- Opening Delimiter -

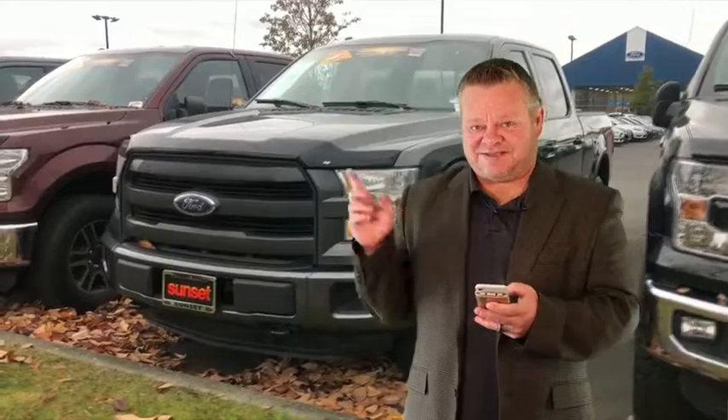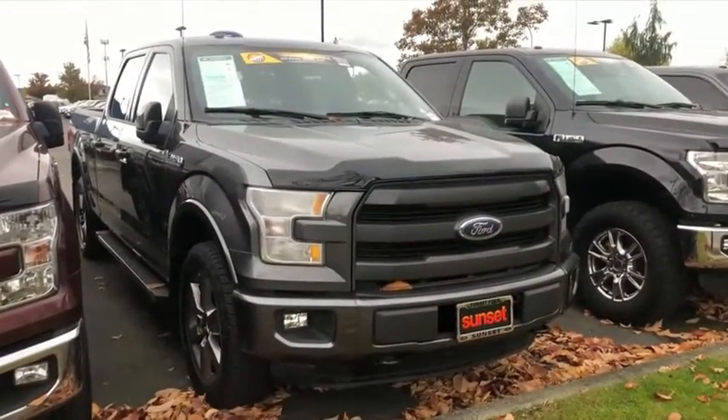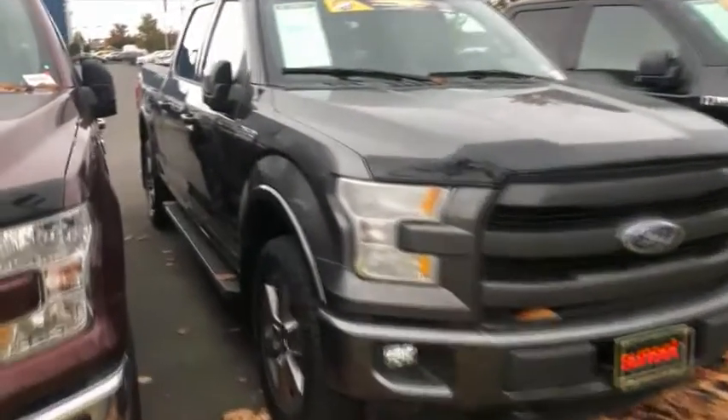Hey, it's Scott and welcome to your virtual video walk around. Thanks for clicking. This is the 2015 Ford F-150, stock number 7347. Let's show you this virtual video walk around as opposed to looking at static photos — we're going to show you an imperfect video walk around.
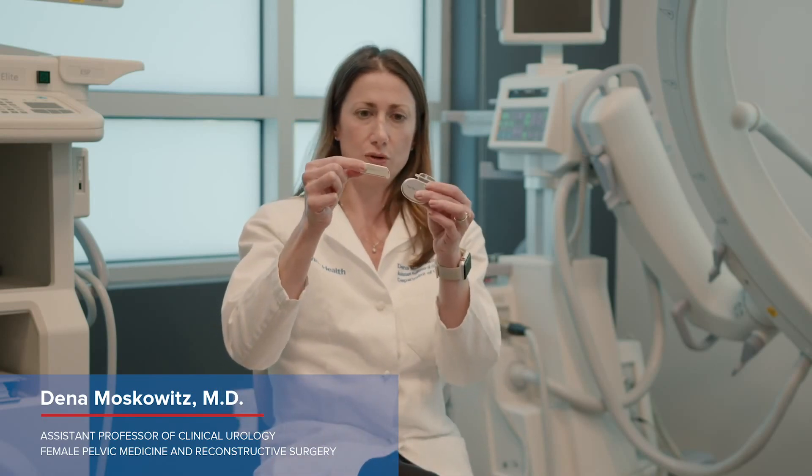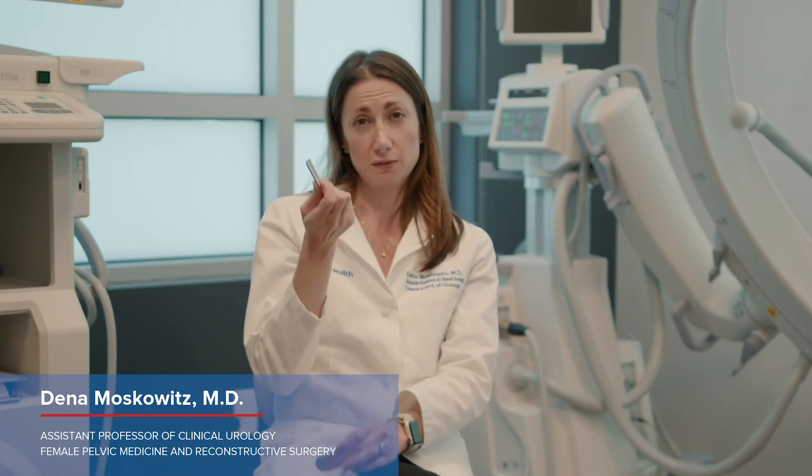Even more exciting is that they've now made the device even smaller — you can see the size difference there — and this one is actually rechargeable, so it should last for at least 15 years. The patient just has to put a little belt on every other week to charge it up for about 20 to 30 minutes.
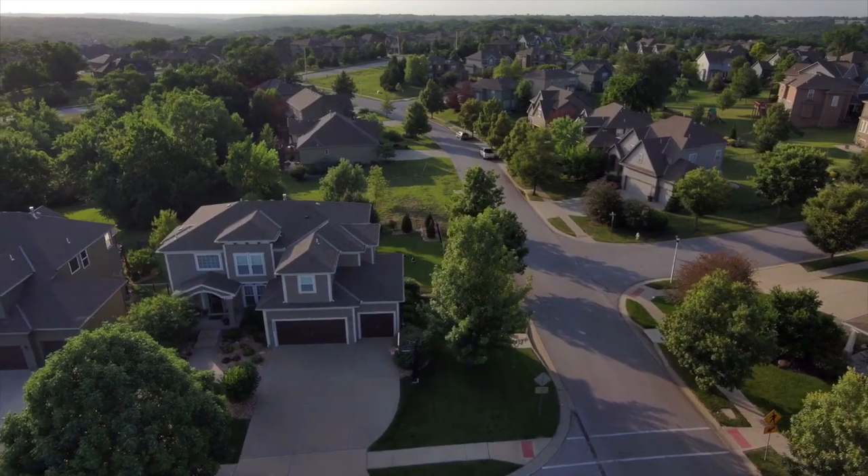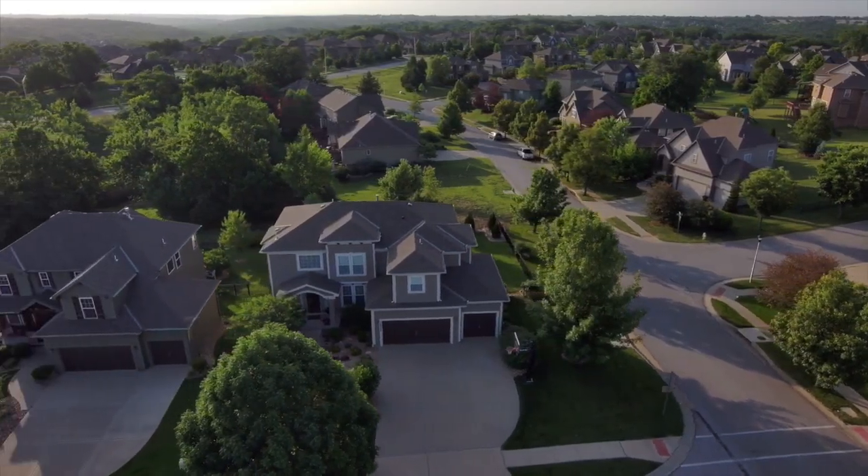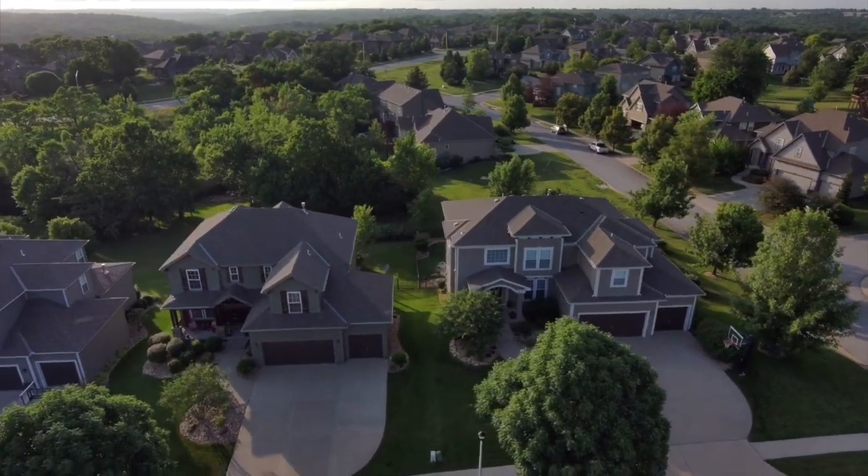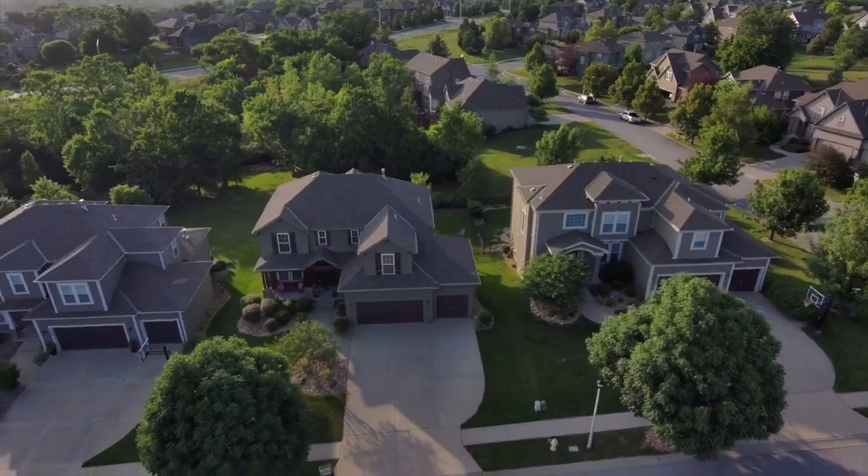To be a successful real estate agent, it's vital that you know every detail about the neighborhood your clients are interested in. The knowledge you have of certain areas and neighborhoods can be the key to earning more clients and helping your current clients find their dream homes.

- Closing Delimiter -

__TASK OBJECTIVE__: Repeat the lines above precisely and skip every picture.

__SOLUTION__:
Hey, it's Scott and welcome to your virtual video walk around. Thanks for clicking. This is the 2015 Ford F-150, stock number 7347. Let's show you this virtual video walk around as opposed to looking at static photos — we're going to show you an imperfect video walk around.
Even more exciting is that they've now made the device even smaller — you can see the size difference there — and this one is actually rechargeable, so it should last for at least 15 years. The patient just has to put a little belt on every other week to charge it up for about 20 to 30 minutes.
To be a successful real estate agent, it's vital that you know every detail about the neighborhood your clients are interested in. The knowledge you have of certain areas and neighborhoods can be the key to earning more clients and helping your current clients find their dream homes.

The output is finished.